I haven't had this craving lately. I have been eating rare tuna steaks on occasion and have found that, seared with a lot of pepper, they taste like a very delectable light beef. This is not a cheap option, but a pleasant occasional treat. Yesterday I bought a 2 kg chuck/blade roast; it was on sale. This is pretty much the cheapest meat there is, but the marbling adds a lot of flavor and the meat can get quite tender if treated properly. I had the heady plan of braising it in the oven for hours, stuffed full of garlic cloves and fresh herbs until it fell apart into tender mouth-watering fatty chunks topped with a freshly prepped horseradish and cracked black pepper. My plan, however, was thwarted by The Man.
In an extremely uncharacteristic turn of of events, The Man looked at my meat, and had a full-on Steak Requirement. I swear, I could see him taste the meat with a highly focused, intent look. This means cutting up my carefully selected roast and grilling the trimmed steaks on the cast iron grill pan (which I love, for another day). However, this careful carving destroys the roast shape. No more roasting plans for me. I relented. First, because I hadn't planned to roast until the next day, second, because when someone wants something that bad, it is unfair to let your personal OCD expectations stand in the way, and last, because the roasts were still on sale and I could grab another in the morning. The Man was appreciative of my willingness to compromise, and we made jokes about how I would be roasting that meat Forever in my head.
This morning I went to Safeway, intent on acquiring another roast so I could get the roasting plan in motion. When I get an idea in my head, I have to do it, or else I get weird. IT Must Be Done. Guess what? No roasts. Prime rib? Yes. Chuck, no. I even asked the butcher. They were out. Thus, I wimpered my way home with no roast in hand.
I did get a rain check, thus this story is not over. I must roast something soon, since it is now in my head. However, this unusual turn of events leaves me worried. This is precedent that I cannot necessarily predict how The Man will react when I bring home Precious Ingredients for my weird food projects. What next? Is he going to make a seafood stew out of the large salmon in the freezer? Will he decide he likes liver? Is he going to excited about pork hocks? Will he start putting sesame oil on stuff? Is he going to horn in on Things Made from Lamb (he did eat a precious braised shank...)?
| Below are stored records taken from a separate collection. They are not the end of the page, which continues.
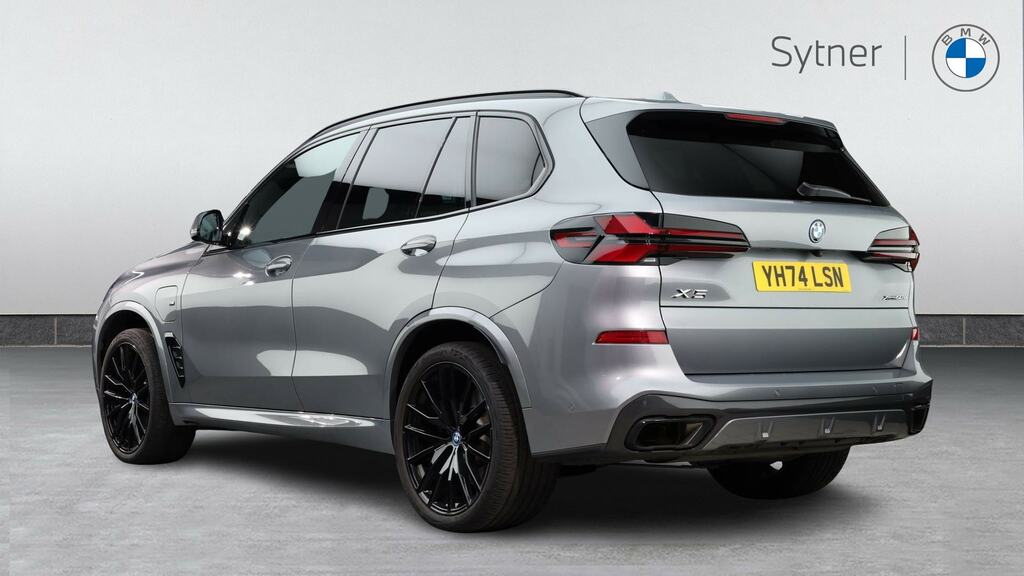 BMW X5 Xdrive50e M Sport Techpro Pack YH74LSN Grey #2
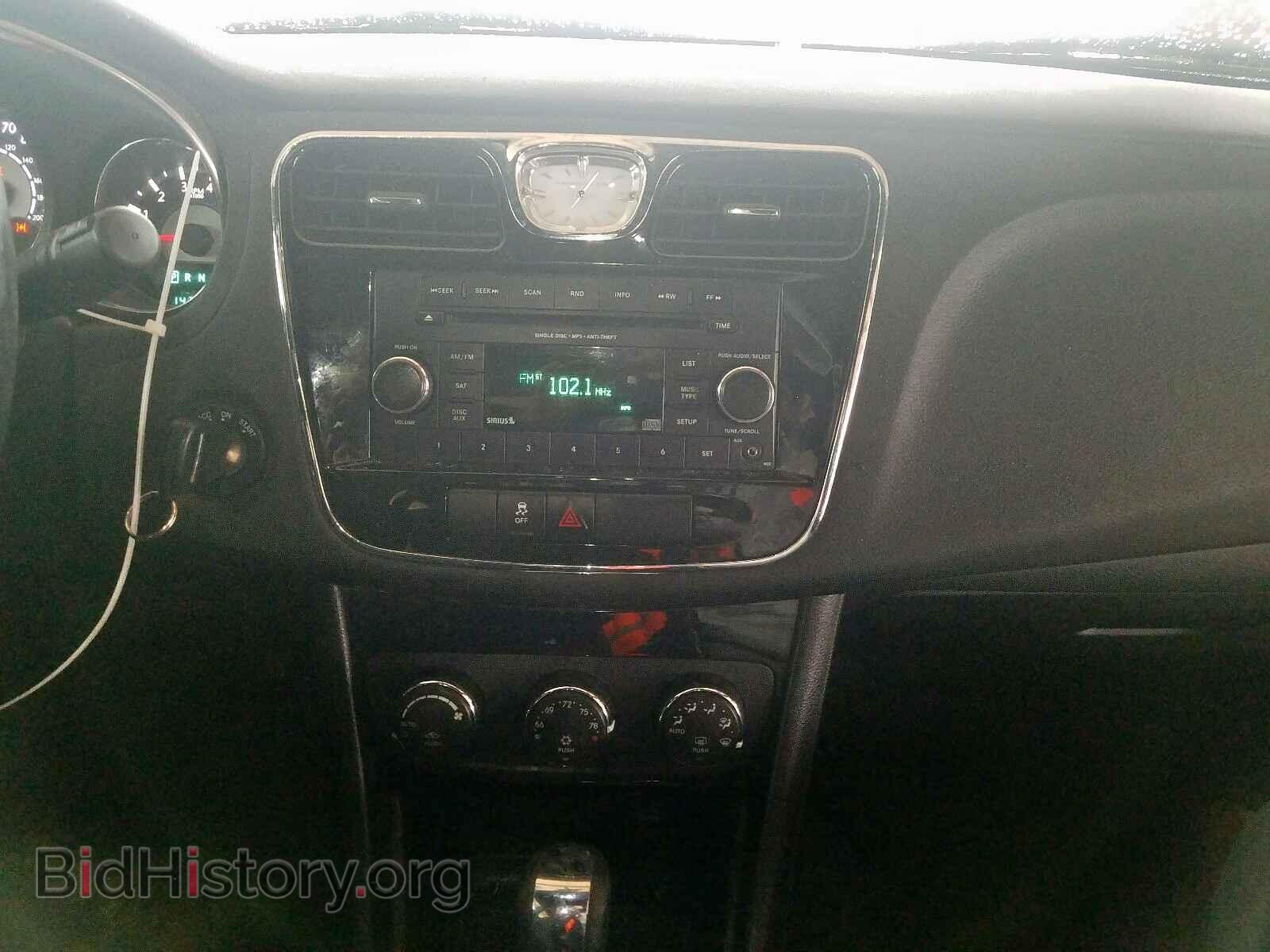 2013 CHRYSLER 200 - VIN: 1C3CCBBB3DN692511 - Фото 9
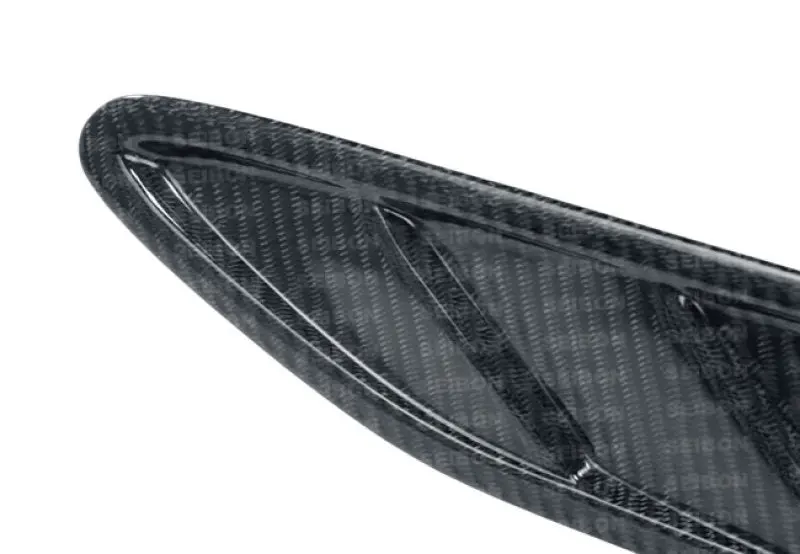 Seibon 12-13 Brz/Frs Fr Style Carbon Fiber Fender Ducts (Pair) 2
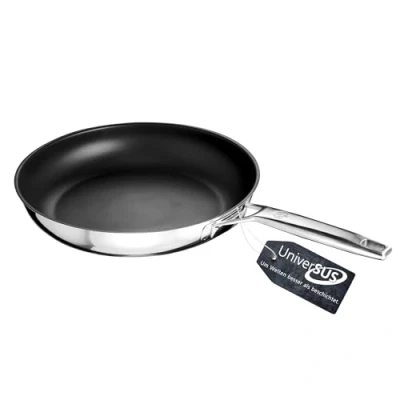 Obrázek Schulte Ufer Pánev ASTRAL s povrchovou strukturou UniverSUS, 64456 28, ušlechtilá ocel, 28 cm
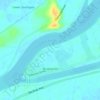 Brushgrove topographic map, elevation, terrain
At least the response to cheese predictable; it gets eaten.
I like to Boil Stuff.
The events described above necessitated a substitute Saturday cooking plan (you should try this, it is a very good way of avoiding things, like cleaning the bathroom). Having watched my roast get torn apart into constituent bits of meat and gristle, I was left with a meaty mass without form. This is a good basis for stock fodder, and as you may have observed, I like to Boil Stuff. A good stock is one of the most satisfying things to make or enjoy. So, after my discouraged mission at Safeway, I looked at the beef bones so that I could fool my brain into conceiving glorious stock plans.
The bones were incredible. Beef stock bones sell for less that 3$/kg, and I picked up almost 2 kg of bones. Several were inches in width, and contained visible quantities of marrow. These were quickly roasted in the oven, and the oily gooey marrow scooped out into a bowl. It is my plan to experiment and make some marrow dumplings; a recipe I found on the internet which basically involves mixing the goo with seasoned bread crumbs and egg white, then dropping into boiling broth. The rest of the bones are simmering with garlic, onions, celery, and carrots. The stock looks good and I now have some goo to play with.
Fortunately, The Man reacted as predicted. He is suitably disgusted. Things are not so bad after all.